The Liberal Carbon Scheme 

March 1st, 2015 | K. McGregor 


Some time ago I saw an Insightrix poll that said about 65% of Canadians think climate change is happening because of both human and natural causes. This is probably where I would fit in, though more to the natural side of the poll. Lets face it, the climate has been changing for millions of years and it's not going to stop just because of what us humans do. Regardless of whether climate change is man-made or just cycles being driven by predictable changes in the Earth's orbit or caused by the sun, I don't understand Trudeau's persistence on pushing for a carbon tax when Canada only produces 1.47% (CDIAC) of the world's CO2 emissions. Trudeau is making out like Canadians are monsters if we don't agree with his environmental tax on carbon, which he plans to introduce if he is given a chance in the 2015 election.

Again, I'm not arguing about whether the climate is changing or not, my concern is: do we need a CO2 tax? Since Trudeau's carbon scheme will pretty much target Alberta and Saskatchewan's oil and gas, and the transportation industry in which oil and gas account for 22% of Canada's emissions. Since, transportation accounts for 24% (including passenger, freight, and off-road emissions), it would seem obvious these are the areas that will be most affected.
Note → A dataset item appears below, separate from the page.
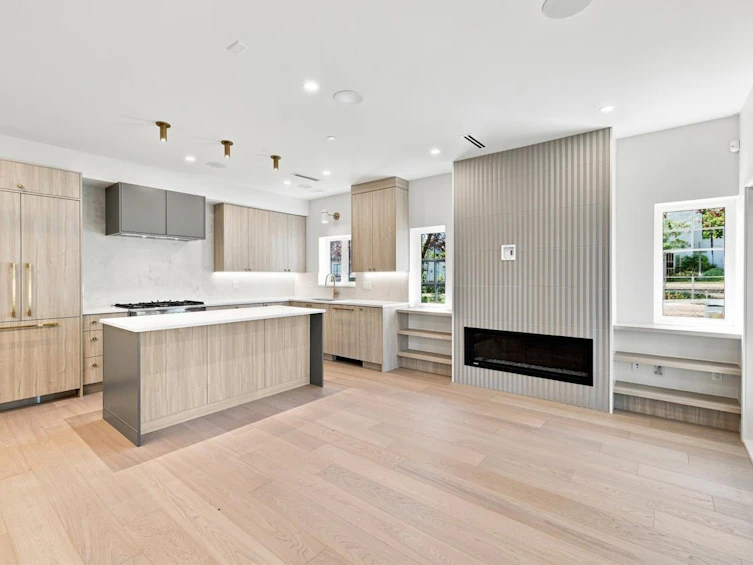 3206 E Georgia Street, Vancouver, BC, V5K 2L3 - 3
These are the largest contributors to Canada‚Äôs greenhouse gas emissions, representing 46% of Canada's overall greenhouse gases. Out of the 22% for oil/gas, the Oil Sands account for 8.7% of Canada's GHG emissions, but only 0.13% of the global total. Any tax is going to be a heavy price for these 2 provinces for such a minor amount of total world carbon produced. Considering the huge benefit Alberta has made to Canada's have-not provinces in transfer payments the past many years, I think the Liberals should back off and give a little slack. Trudeau and his cohort, Butts, seem to be obsessed with making Canada a carbon free country at any cost.
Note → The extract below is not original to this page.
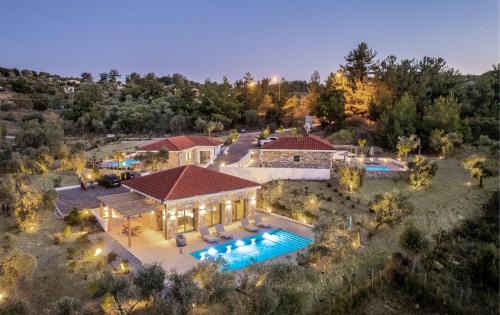 NOMAS VILLAS With Private Pool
Another concern is, I don't think Canada's carbon record is all that bad. Back in the days when Paul Martin was PM, the carbon emission's were something like 728MT. Today, under PM Harper, it is around 692MT as of the last estimates. It's still not close to the Kyoto target of 612MT promised for 2020, but at least it is proceeding in the right direction, despite prediction of the opposite. It's clearly not the disaster it's made out to be by Trudeau and his Liberals.
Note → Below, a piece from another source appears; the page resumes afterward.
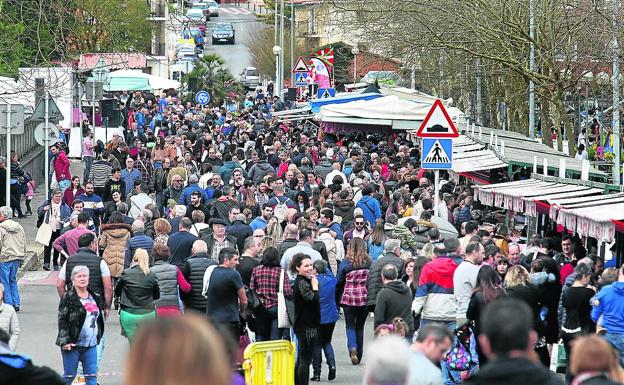 Las Encartaciones recupera su ritmo con la vuelta de las ferias agrícolas y ganaderas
Trudeau's plan is to let the provinces administer a standard national environmental plan similar to the way the national health care policy is today. Seeing first hand the abysmal state of our health care system, I doubt adding the same type of plan to collect a CO2 tax is going to be efficient in Canada. I can't help but wonder if the first batch of tax Trudeau collects isn't just an environmental tax grab that will be shuffled off to Ontario to pay down its ballooning debt. I doubt we'll ever know what the tax is really used for.

Energy consumption is going to continue growing worldwide. Canada can be a big player if all governments get on board and make the right decisions. Canada has the best environmental laws and record in the world, yet we're being hobbled by left-wing idealists like Trudeau and Butts. The Oil industry benefits all Canadians, so I would think that all Canadians should support it.